─── ENTRIES SHOWN ───
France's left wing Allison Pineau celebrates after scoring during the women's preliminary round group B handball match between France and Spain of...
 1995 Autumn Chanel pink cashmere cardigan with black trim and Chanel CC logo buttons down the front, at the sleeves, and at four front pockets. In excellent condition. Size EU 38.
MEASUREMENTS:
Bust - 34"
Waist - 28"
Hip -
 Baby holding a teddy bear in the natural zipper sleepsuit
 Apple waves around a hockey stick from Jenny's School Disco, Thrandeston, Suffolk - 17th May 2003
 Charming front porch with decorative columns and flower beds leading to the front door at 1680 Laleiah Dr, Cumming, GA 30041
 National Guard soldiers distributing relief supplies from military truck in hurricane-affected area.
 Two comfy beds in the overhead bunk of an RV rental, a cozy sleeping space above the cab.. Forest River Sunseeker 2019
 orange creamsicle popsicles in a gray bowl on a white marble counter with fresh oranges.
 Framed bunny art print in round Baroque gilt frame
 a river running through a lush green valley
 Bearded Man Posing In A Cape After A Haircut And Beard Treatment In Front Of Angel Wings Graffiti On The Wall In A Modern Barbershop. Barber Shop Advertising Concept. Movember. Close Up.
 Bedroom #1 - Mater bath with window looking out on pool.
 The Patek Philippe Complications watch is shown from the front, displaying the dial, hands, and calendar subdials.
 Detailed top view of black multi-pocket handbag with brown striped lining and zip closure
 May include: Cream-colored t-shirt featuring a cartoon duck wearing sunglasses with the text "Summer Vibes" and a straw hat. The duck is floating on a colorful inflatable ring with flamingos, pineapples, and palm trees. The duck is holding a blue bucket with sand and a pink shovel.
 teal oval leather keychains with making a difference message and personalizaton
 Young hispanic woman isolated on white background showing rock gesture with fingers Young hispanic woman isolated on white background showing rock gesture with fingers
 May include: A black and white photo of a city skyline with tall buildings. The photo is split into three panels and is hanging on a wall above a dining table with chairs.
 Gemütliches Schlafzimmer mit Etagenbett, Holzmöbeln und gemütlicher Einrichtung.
───
**TASK BRIEF**
Count how many lines in the data above hold "white", and give that number by itself.

**FINISHED TASK**
3